[Stored entries]
-------------------------

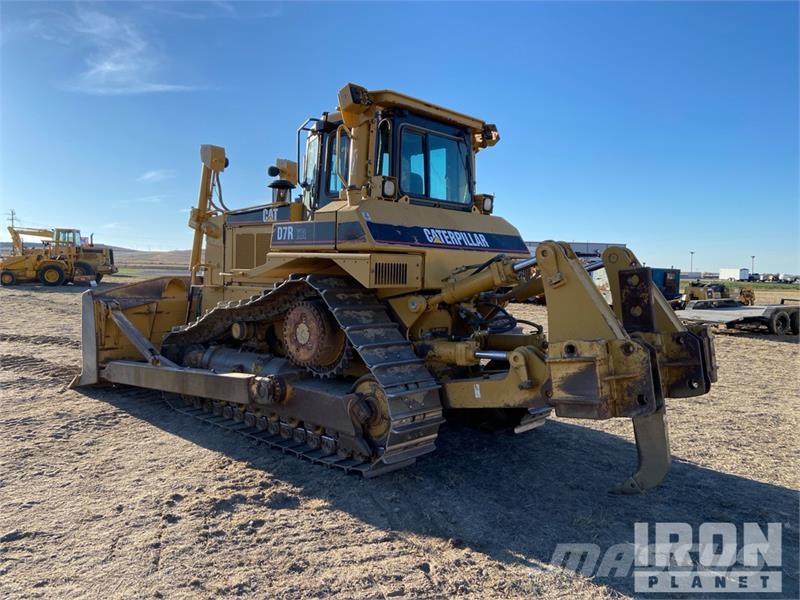 CAT D7R XR Series II lánctalpas dózerek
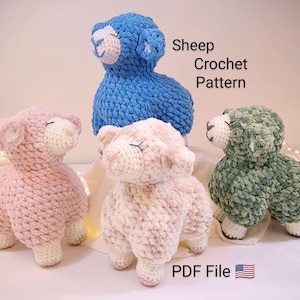 Puede incluir: Cuatro juguetes de amigurumi de oveja tejidos a crochet en diferentes colores: rosa, blanco, azul y verde. Las ovejas están sentadas sobre una superficie blanca con una cadena de luces en el fondo. El texto "Sheep Crochet Pattern PDF File" es visible en la imagen.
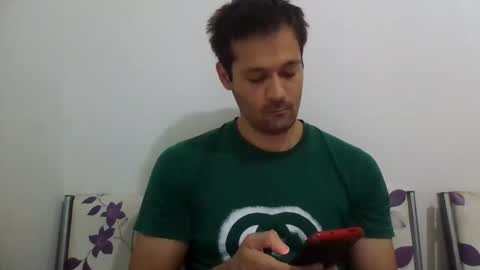 Snapshot of zzzzzzz41 chatting on 09-25-25, 01:15 zzzzzzz41 online show from 09-25-25, 01:15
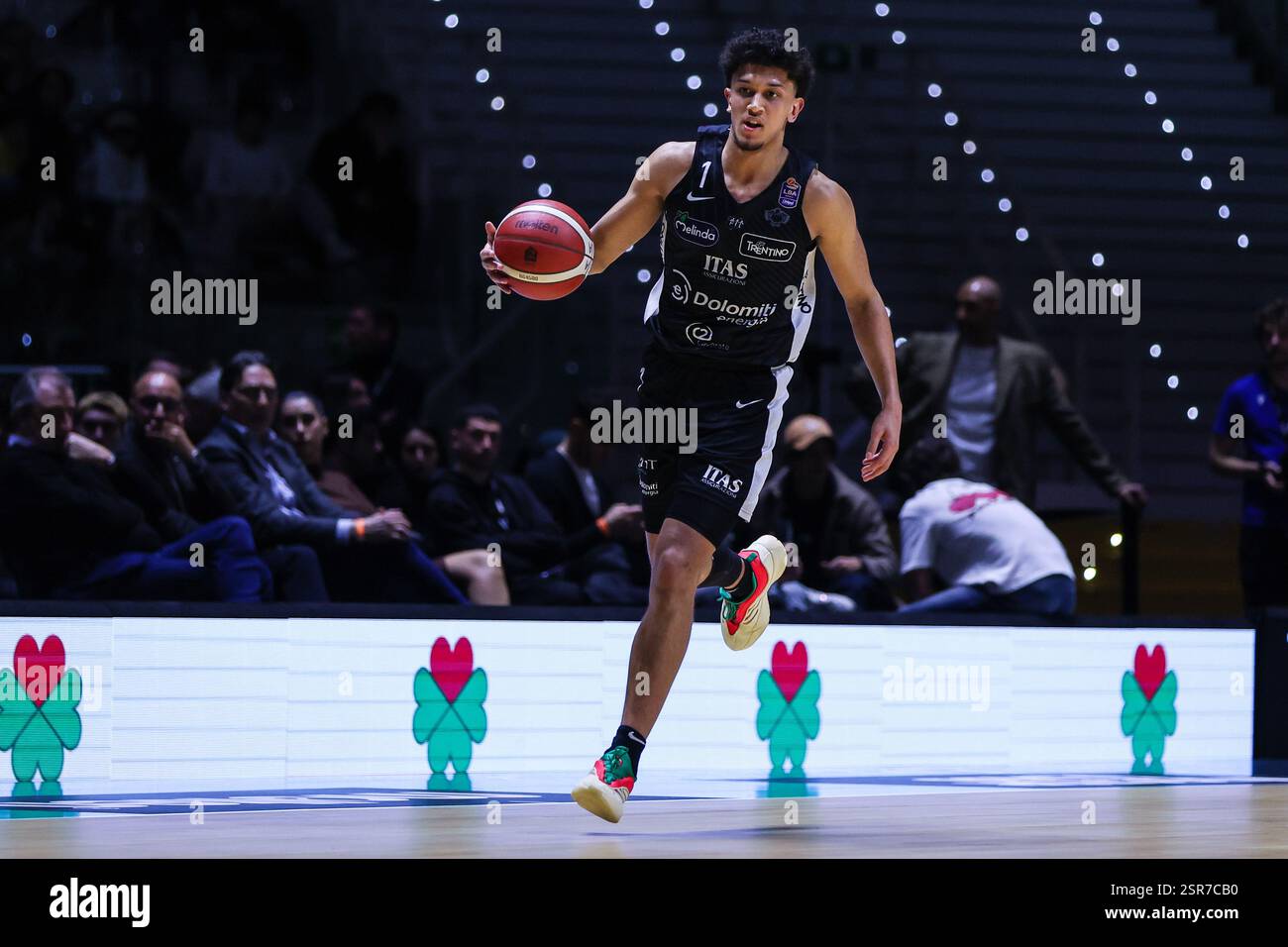 Torino, Italia. 13 febbraio 2025. Quinn Ellis #1 di Dolomiti energia Trentino visto in azione durante la finale di LBA Frecciarossa Final Eight 2025 tra Dolomiti energia Trentino e UNAHOTELS Reggio Emilia all'Inalpi Arena. Dolomiti energia Trentino 85 | 80 UNAHOTELS Reggio Emilia crediti: SOPA Images Limited/Alamy Live News Foto Stock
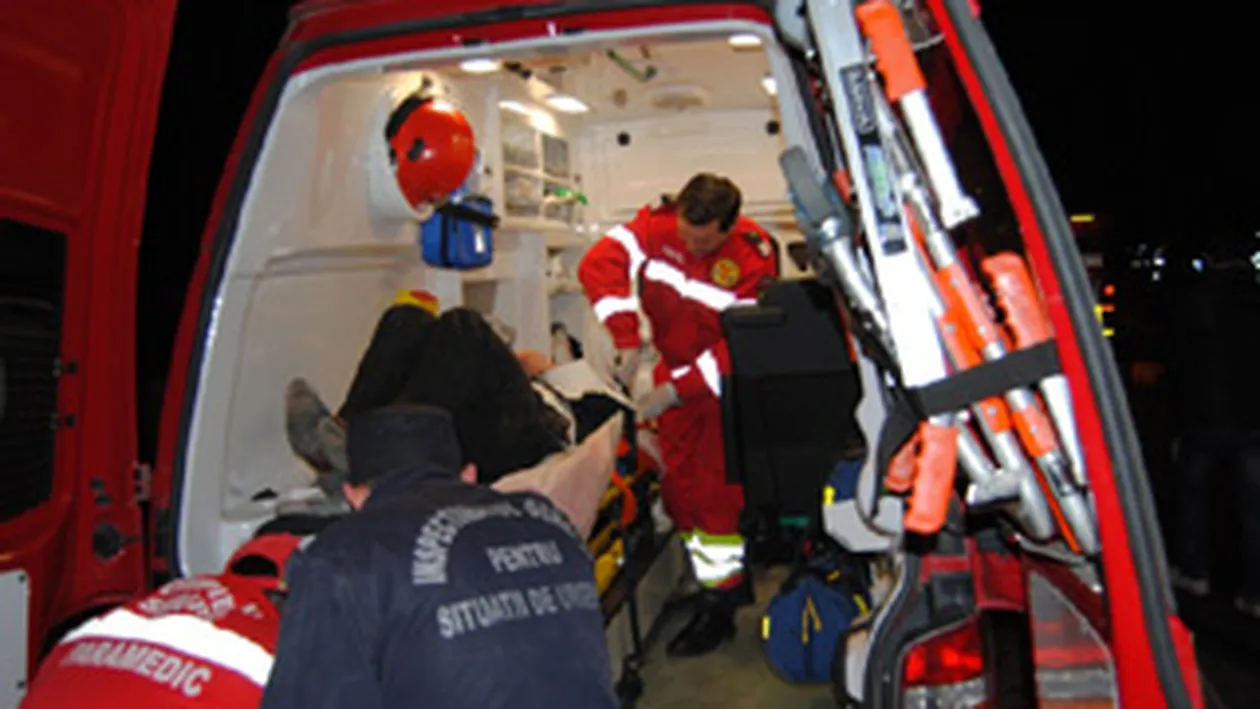 A facut o depasire riscanta si si-a bagat fetita de opt ani in spital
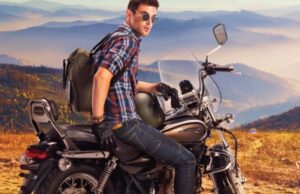 ബജാജ് അവഞ്ചര് സ്വന്തമാക്കണോ? ഈ ഡ്രസുകള് വാങ്ങിക്കോളൂ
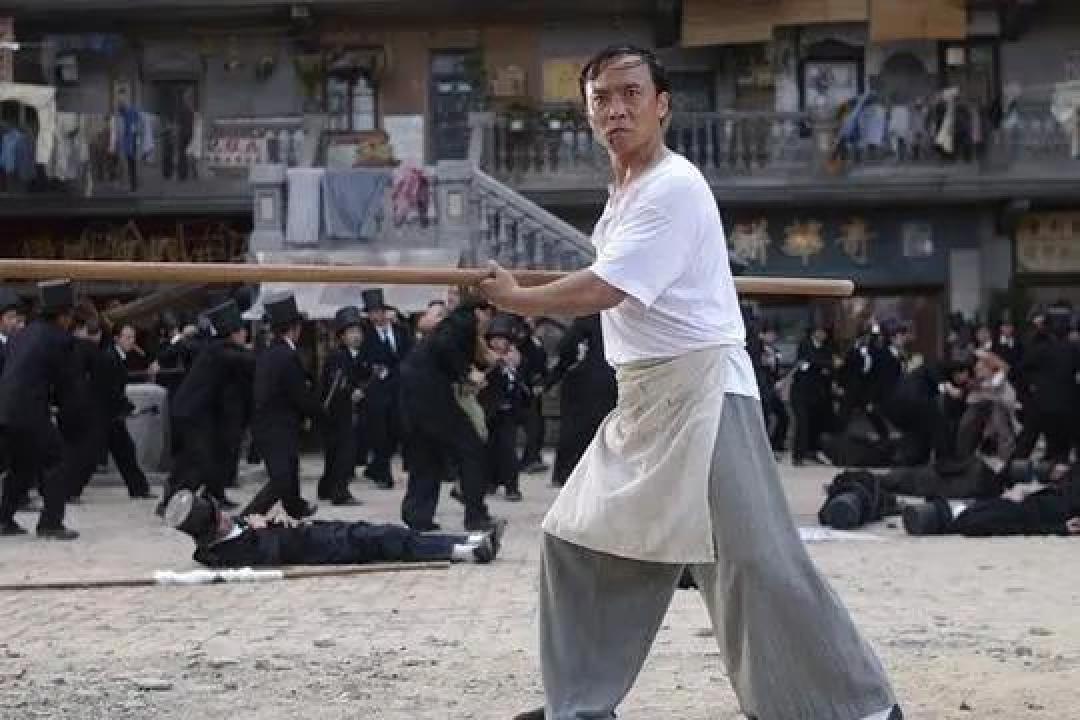 后来便真的上了五台山削发为僧,将杨家枪法改为棍法,创造了"五郎八卦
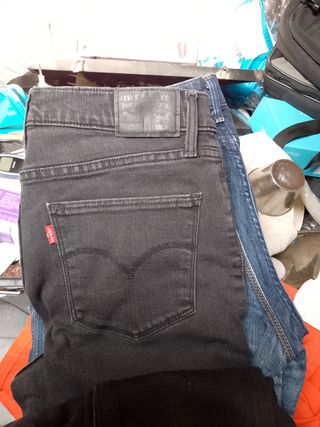 8 Vaqueros Levi's W29 (  6 usado una vez)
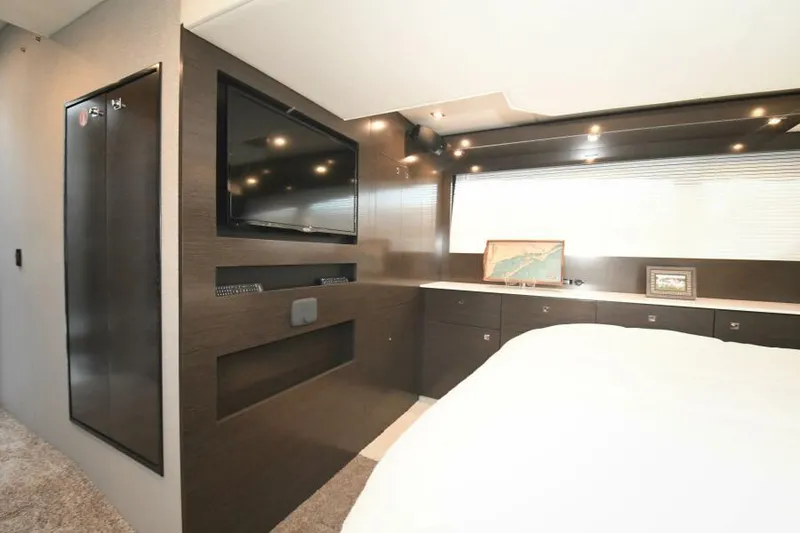Slide: The Image of Master Stateroom - 22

-------------------------

# [Prompt]
Please output exactly the lines from the line containing "Torino, Italia. 13" through the last line of the records above, both included, and leave out any pictures.

# [Solved problem]
 Torino, Italia. 13 febbraio 2025. Quinn Ellis #1 di Dolomiti energia Trentino visto in azione durante la finale di LBA Frecciarossa Final Eight 2025 tra Dolomiti energia Trentino e UNAHOTELS Reggio Emilia all'Inalpi Arena. Dolomiti energia Trentino 85 | 80 UNAHOTELS Reggio Emilia crediti: SOPA Images Limited/Alamy Live News Foto Stock
 A facut o depasire riscanta si si-a bagat fetita de opt ani in spital
 ബജാജ് അവഞ്ചര് സ്വന്തമാക്കണോ? ഈ ഡ്രസുകള് വാങ്ങിക്കോളൂ
 后来便真的上了五台山削发为僧,将杨家枪法改为棍法,创造了"五郎八卦
 8 Vaqueros Levi's W29 (  6 usado una vez)
Slide: The Image of Master Stateroom - 22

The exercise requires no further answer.